> _DATA FOR THIS EXERCISE_:
^^^^^^^^
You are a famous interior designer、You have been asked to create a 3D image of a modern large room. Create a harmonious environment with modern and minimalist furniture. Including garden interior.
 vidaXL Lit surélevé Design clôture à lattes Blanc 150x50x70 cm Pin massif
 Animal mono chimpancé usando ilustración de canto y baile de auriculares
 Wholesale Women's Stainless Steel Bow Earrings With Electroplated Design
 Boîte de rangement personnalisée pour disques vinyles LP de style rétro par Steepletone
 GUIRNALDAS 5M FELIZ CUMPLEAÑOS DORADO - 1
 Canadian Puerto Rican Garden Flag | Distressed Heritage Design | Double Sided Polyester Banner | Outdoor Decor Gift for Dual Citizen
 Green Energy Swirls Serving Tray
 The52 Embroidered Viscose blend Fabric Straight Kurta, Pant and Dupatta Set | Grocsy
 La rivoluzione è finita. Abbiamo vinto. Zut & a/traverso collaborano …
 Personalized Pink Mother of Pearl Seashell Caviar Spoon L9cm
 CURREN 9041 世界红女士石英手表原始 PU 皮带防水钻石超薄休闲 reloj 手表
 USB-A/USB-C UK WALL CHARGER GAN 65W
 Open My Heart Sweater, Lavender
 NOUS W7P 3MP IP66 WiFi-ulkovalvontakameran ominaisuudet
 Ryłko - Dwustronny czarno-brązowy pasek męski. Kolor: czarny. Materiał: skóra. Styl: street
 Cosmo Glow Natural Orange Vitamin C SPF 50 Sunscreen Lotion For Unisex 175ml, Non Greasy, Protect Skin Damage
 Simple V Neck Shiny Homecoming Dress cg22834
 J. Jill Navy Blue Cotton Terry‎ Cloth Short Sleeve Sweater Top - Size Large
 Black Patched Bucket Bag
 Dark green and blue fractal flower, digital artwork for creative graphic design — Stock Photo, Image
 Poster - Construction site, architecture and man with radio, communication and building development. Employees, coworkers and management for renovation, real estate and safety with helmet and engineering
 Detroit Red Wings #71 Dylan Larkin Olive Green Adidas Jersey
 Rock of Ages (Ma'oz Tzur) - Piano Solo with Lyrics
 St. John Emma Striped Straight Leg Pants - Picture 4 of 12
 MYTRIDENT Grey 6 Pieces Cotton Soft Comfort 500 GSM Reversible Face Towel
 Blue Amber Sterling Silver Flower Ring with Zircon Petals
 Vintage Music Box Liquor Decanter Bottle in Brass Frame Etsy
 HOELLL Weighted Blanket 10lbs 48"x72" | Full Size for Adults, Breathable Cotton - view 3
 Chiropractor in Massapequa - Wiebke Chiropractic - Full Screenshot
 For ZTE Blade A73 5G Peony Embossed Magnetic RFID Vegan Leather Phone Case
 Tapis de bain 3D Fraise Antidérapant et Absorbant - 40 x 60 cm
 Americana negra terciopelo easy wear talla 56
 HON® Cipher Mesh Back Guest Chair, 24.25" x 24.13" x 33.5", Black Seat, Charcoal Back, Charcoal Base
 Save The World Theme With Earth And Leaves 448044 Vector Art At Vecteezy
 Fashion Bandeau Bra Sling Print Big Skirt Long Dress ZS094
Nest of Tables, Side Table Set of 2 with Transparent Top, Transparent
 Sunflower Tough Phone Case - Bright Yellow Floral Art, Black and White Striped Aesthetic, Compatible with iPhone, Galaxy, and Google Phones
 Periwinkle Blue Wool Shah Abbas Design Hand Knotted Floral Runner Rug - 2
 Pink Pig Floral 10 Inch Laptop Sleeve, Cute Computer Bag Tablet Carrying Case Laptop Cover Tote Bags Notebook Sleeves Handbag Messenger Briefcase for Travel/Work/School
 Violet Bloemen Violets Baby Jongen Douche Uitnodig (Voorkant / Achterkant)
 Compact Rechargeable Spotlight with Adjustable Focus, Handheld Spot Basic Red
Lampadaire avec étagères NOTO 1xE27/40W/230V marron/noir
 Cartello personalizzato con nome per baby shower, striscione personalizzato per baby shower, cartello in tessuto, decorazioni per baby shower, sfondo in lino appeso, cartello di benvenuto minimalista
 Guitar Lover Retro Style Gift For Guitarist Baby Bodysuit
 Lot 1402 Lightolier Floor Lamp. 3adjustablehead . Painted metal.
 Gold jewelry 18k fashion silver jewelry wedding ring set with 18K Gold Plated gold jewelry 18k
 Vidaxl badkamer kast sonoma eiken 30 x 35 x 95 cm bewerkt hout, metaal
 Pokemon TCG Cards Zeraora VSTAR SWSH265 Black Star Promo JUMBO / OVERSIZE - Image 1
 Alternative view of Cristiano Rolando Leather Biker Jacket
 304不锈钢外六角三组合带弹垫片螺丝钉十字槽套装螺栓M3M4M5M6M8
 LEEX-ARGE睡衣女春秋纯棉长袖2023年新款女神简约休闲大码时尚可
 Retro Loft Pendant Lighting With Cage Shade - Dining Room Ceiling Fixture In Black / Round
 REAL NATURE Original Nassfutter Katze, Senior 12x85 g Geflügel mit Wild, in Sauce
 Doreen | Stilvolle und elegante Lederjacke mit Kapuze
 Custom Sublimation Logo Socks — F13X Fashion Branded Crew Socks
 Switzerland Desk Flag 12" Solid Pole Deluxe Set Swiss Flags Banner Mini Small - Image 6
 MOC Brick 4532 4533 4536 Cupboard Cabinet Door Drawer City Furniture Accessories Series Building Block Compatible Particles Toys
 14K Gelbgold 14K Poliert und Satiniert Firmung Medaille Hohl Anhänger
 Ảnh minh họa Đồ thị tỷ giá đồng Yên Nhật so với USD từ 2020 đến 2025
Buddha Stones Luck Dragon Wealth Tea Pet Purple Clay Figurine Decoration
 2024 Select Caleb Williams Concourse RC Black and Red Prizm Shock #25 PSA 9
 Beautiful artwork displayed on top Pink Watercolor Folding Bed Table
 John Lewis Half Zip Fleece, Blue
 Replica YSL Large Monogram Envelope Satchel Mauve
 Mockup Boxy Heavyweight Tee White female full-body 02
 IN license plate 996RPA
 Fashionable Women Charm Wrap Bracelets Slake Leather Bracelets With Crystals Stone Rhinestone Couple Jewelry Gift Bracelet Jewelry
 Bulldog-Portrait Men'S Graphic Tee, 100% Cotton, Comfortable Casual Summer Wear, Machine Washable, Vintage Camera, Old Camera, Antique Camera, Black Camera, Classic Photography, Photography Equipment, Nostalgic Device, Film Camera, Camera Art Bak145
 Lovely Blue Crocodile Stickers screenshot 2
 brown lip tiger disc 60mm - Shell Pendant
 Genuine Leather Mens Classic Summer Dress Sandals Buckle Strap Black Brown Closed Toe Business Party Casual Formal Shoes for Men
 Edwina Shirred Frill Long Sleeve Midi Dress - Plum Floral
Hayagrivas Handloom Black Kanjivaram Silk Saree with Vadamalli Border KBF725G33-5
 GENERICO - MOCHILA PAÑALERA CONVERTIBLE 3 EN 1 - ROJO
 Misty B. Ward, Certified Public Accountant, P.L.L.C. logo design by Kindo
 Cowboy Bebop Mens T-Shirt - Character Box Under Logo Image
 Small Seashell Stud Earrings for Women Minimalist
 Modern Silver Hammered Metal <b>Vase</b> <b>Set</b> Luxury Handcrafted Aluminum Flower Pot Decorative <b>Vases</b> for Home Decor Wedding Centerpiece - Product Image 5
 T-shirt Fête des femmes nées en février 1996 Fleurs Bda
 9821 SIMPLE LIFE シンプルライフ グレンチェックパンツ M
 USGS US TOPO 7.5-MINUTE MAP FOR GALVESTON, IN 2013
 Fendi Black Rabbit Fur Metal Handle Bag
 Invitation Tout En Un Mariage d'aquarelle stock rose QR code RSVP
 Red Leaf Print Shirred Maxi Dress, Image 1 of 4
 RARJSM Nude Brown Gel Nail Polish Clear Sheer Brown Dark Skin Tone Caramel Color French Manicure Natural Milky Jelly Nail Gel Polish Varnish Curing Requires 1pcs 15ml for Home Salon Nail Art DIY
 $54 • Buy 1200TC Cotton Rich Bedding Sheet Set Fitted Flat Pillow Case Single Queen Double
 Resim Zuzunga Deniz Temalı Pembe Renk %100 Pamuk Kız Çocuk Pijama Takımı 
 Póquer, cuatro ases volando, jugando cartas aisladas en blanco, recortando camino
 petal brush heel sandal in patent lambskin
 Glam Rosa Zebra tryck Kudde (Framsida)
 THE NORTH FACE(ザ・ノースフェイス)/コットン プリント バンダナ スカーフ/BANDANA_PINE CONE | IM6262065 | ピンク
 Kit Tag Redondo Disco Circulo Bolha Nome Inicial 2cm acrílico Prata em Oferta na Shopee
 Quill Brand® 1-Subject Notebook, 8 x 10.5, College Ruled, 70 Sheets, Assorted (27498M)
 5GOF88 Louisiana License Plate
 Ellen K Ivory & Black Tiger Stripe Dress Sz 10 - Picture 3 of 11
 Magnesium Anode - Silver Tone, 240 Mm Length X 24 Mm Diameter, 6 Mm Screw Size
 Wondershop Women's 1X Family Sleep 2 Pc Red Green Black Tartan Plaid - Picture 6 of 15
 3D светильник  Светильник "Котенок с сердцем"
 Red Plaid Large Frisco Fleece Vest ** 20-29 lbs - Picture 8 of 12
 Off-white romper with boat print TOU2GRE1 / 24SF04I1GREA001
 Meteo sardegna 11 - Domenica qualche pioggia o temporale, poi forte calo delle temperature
^^^^^^^^
> _WHAT YOU NEED TO DO_: Produce a verbatim copy of the lines from the one holding "Off-white romper with" to the final line of the data, and nothing more.

> _ANSWER TO THIS PROBLEM_:
 Off-white romper with boat print TOU2GRE1 / 24SF04I1GREA001
 Meteo sardegna 11 - Domenica qualche pioggia o temporale, poi forte calo delle temperature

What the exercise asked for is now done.